The Purpose of Pain


By: Elena Smith

When you get hurt, your body sends a signal to your brain that then registers it as pain. Growing up I remember doing everything within my power to avoid feeling this awful sensation, bending over backward to stay comfortable. To some extent, the world teaches and normalizes this avoidance. We walk through life ignoring the hard situations because we don’t want to expose ourselves to anything that can hurt us, forgetting the purpose behind the hurt. If you’re reading this, I can imagine how that sounds. Trust me when I say I questioned myself as I wrote this piece because it contained a truth that many are not ready to hear: there’s a purpose behind the pain.

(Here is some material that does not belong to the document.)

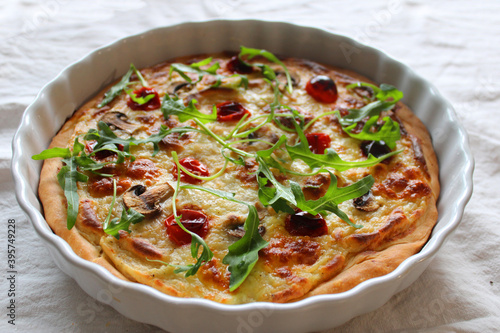 Pizza sauce blanche, mozzarella, tomates cerises et roquette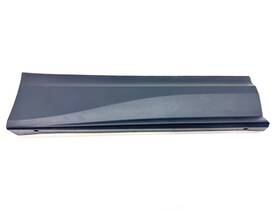 84853272 Chevrolet 2018 2024 Equinox Rear Right Lower Door Molding Oem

I have a bad habit of overthinking and internalizing the events that have occurred thus far in my life. I carried myself as the girl who life handed every hard circumstance to. The girl who God forgot about. The girl who only knew pain and suffering. My past became my identity; my mistakes a scar worn with shame. I became stuck in a mindset. I couldn’t see beyond the circumstance, dwelling in a place of anger and sadness. Funny thing is, I don’t think I realized I had been doing that until someone called me out on it. I had so feverishly tried to avoid the very pain I was putting myself in day after day without stopping to consider the story behind the hurt, that maybe it was meant for something more than a ghost or weight on my shoulders.

That same day I was challenged to do the one thing I had yet to bring myself to accomplish: find God working in the painful moments. To say that the task gave me anxiety would be an understatement. I was terrified because of the inevitable need to reopen old wounds to bring about purification. Every time I sat in the stillness and quiet of my mind, all I could do was cry. I probably cried for 4 days before gaining the strength to open a word document and begin writing my story. All the good, bad, and ugly poured onto the blank pages, growing in length by the minute. Through the tears, I recounted every moment I felt forgotten, abused, or at war with myself. I argued with God and fell on my knees until my eyes dried and I could finally breathe. I found myself unable to stop writing. Attempting to condense 20 years of life into a short narrative appeared impossible. As I looked over my words, a fundamental truth slowly emerged from the closet of my mind. Maybe, just maybe, all my pain meant something. Maybe, my life isn’t a series of unfortunate events. Maybe, there is joy in the suffering and we only have to look underneath the surface to find it.

I’m not saying life makes perfect sense or isn’t messy. In fact, I’m saying quite the opposite. But perhaps the point of it all is to remind us we can’t do it alone. We can’t understand every intricacy or the reasoning behind it. There are still some parts of my story I struggle to rationalize, but if in one week so much can be redeemed, then what does that say about a lifetime? I consider myself a work in progress. My habits are a work in progress. Some days I rise and others I fall but I know who will pick me back up again. So to the girl or boy cowering in the person you once were, please hear me when I say: You are not your pain. You are not your past. There’s purpose in your story, you just have to be willing to turn the page.